In our present study, we applied the single-cell analysis to CD patient-derived small intestinal organoids to identify modified intestinal stem cell properties. Using balloon-assisted enteroscopic biopsy samples, single-cell gene expression profiles of ISC-marker genes were identified in the organoids established from endoscopically active lesions, or from mucosa under remission and compared with those of non-IBD controls. Also, organoid reformation assay was performed to evaluate the potential stem cell function at the single-cell level. Through these studies, we aimed to clarify the possible influence of the inflammatory environment found in CD patients on the specific properties of small intestinal stem cells.
Methods
Collection of small intestinal tissues and ethical statements
Small intestinal enteroscopic biopsy samples were obtained from patients undergoing evaluation for diseases such as small intestinal tumors, occult bleeding, or Crohn’s disease. Up to 8 biopsies from each patient were taken from a region approximately 100 cm proximal to the ileocecal valve, during the evaluation for “endoscopic skipping” of the distal terminal ileum [23]. Also, surgical specimens of CD patients were collected to perform immunohistochemical analyses. Activity of CD was judged based on the endoscopic or macroscopic findings. The clinical backgrounds of patients are summarized in the Suppl. Table S1. The Ethics Committees of Tokyo Medical & Dental University and Yokohama Municipal Hospital approved our study (M2000-2093 and M2000-1176); and written informed consent forms were obtained from each patient.
Immunohistochemistry and Immunocytochemistry
Immunohistochemistry and immunocytochemistry were done as previously described [24, 25]. The primary antibodies used are as follows: Rabbit-anti-human-OLFM4 mAb (1:1000, Cell Signalling Technology, Danvers, MA, USA); Mouse-anti-human-SLC12A2 Ab (1:1000, LS-Bio, Seattle, WA, USA); Mouse-anti-human-E-cadherin (1:500, Takara Bio, Kusatsu, Shiga, Japan). Signal amplification using fluorescence-conjugated Tyramide (Perkin-Elmer, Waltham, MA, USA) was employed for staining the proteins OLFM4 and SLC12A2.
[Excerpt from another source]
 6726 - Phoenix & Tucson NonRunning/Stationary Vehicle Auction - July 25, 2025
Crypt isolation and epithelial organoid culture
Isolation of the crypts and the subsequent establishment of intestinal organoids were performed as previously described [25, 26]. Briefly, crypts were collected by rigorously shaking biopsy specimens in 15 mM EDTA. Isolated crypts were embedded in 30 μl of Matrigel (BD Biosciences, Franklin Lakes, NJ, USA) at a density of 20–30 crypts per well and placed in 24-well culture dishes. The crypts were maintained in standard culture medium (WENR medium) consisting of basal medium (Advanced-DMEM, Thermo Fisher Scientific, Waltham, MA, USA) supplemented with recombinant human R-spondin-1 (1 μg/ml, R&D Systems, Minneapolis, MN, USA), recombinant human Wnt-3a (300 ng/ml, R&D Systems, Minneapolis, MN, USA), recombinant human Noggin (100 ng/ml, R&D Systems, Minneapolis, MN, USA), recombinant human EGF (50 ng/ml, PeproTech, Rocky Hill, NJ, USA), A83-01 (500 nM, Sigma-Aldrich Japan Tokyo, Japan) and SB202190 (10 μM, Sigma-Aldrich Japan, Tokyo, Japan). Y-27632 (10 μM, Sigma-Aldrich Japan, Tokyo, Japan) was added to the culture medium for the initial 3 days. Phase-contrast views of the established organoids were captured by a CCD-equipped microscope (BZ-X700, Keyence, Osaka, Japan).
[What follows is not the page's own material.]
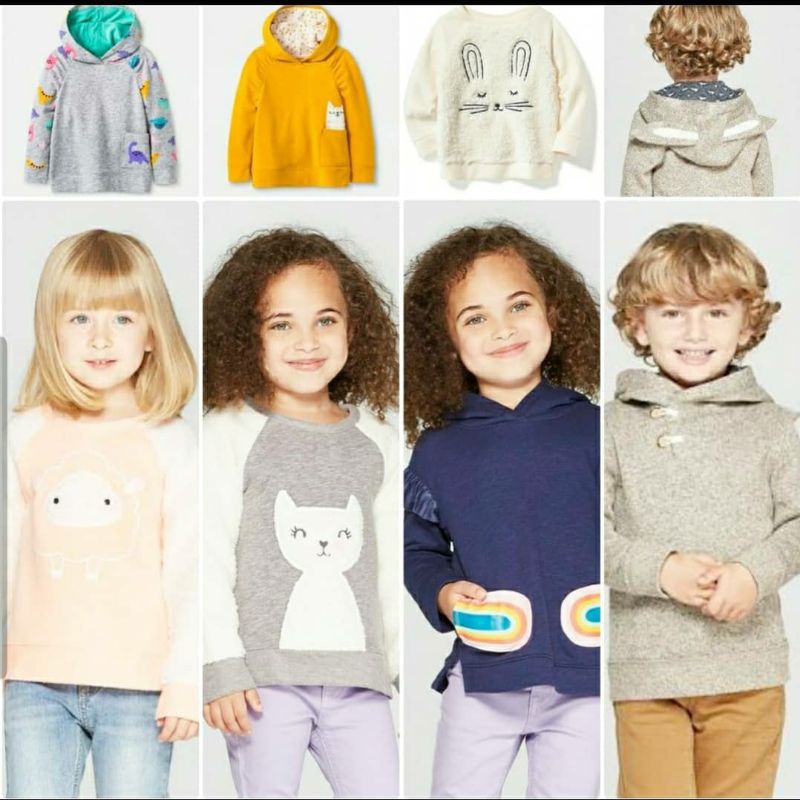 Sweater anak perempuan cnj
Single cell-level gene expression analysis
Cultured organoids were dissociated into single cells using TrypLE select (Thermo Fisher Scientific, Waltham, MA, USA) during the third culture passage. Single-cell suspensions were loaded onto the C1 preamp IFC (10–17 μm, Fluidigm San Francisco, CA, USA), for single-cell isolation. Single-cell capture was confirmed under a microscope (BX-X700, Keyence, Osaka, Japan). Pre-amplification of target genes was performed using TaqMan assays (Thermo Fisher Scientific, Waltham, MA, USA), with the IFC controller MX (Fluidigm, San Francisco, CA, USA). Further amplification and data acquirement of the multiplex quantitative PCR analysis was done using the Biomark 48.48. dynamic array IFC and Biomark HD system (Fluidigm, San Francisco, CA, USA), according to manufacturer’s instructions. The set of target genes, and the corresponding gene-specific TaqMan assays analyzed in the study can be found in the Suppl. Table S2.
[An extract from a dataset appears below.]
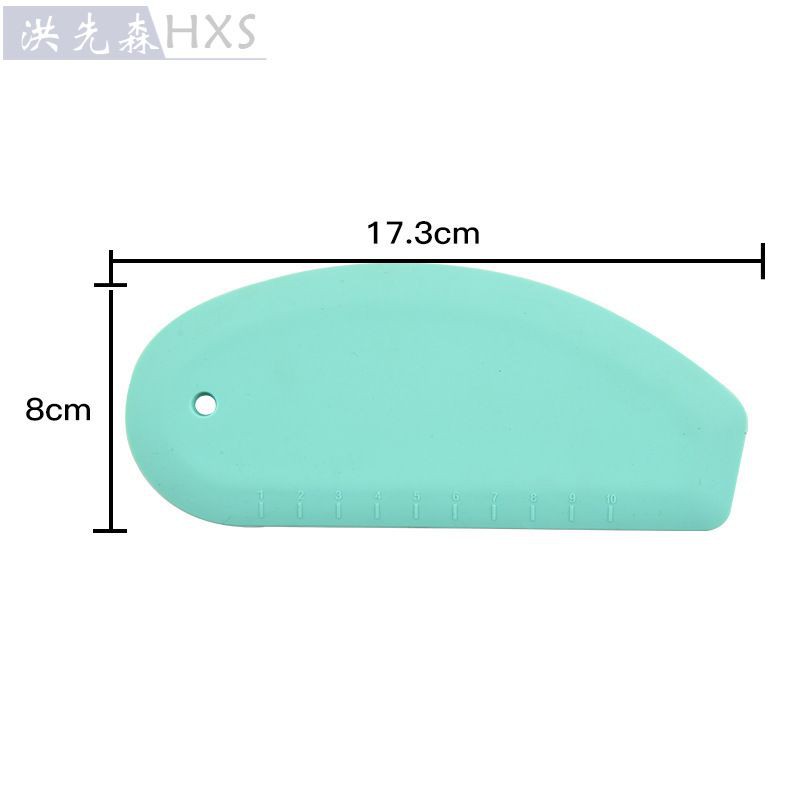 Silicone oval Dough cutter and scraper multi fungsi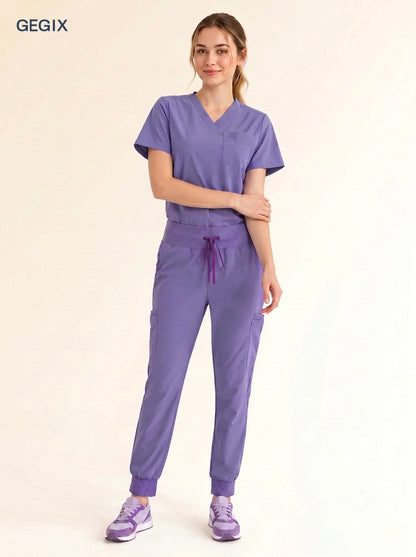 GEGIX Women Classic Scrub Suits Set - Tailored Comfort Workwear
3D scanner-based organoid re-formation analysis
After dissociating cultured organoids into single cells using TrypLE select (Thermo Fisher Scientific, Waltham, MA, USA), they were seeded onto 96-well plates at a density of 1 × 103 – 1 × 105 cells per well in 2 μl of Matrigel during the third culture passage. The cells were maintained in the WENR medium for 10 days. Organoid formation was quantified by scanning each well by a 3D scanner (Cell3 iMager, SCREEN Co., Kyoto, Japan) as previously described [25]. For the present study, we performed the organoid re-formation experiment and single-cell gene expression analysis at the same time for all groups side by side.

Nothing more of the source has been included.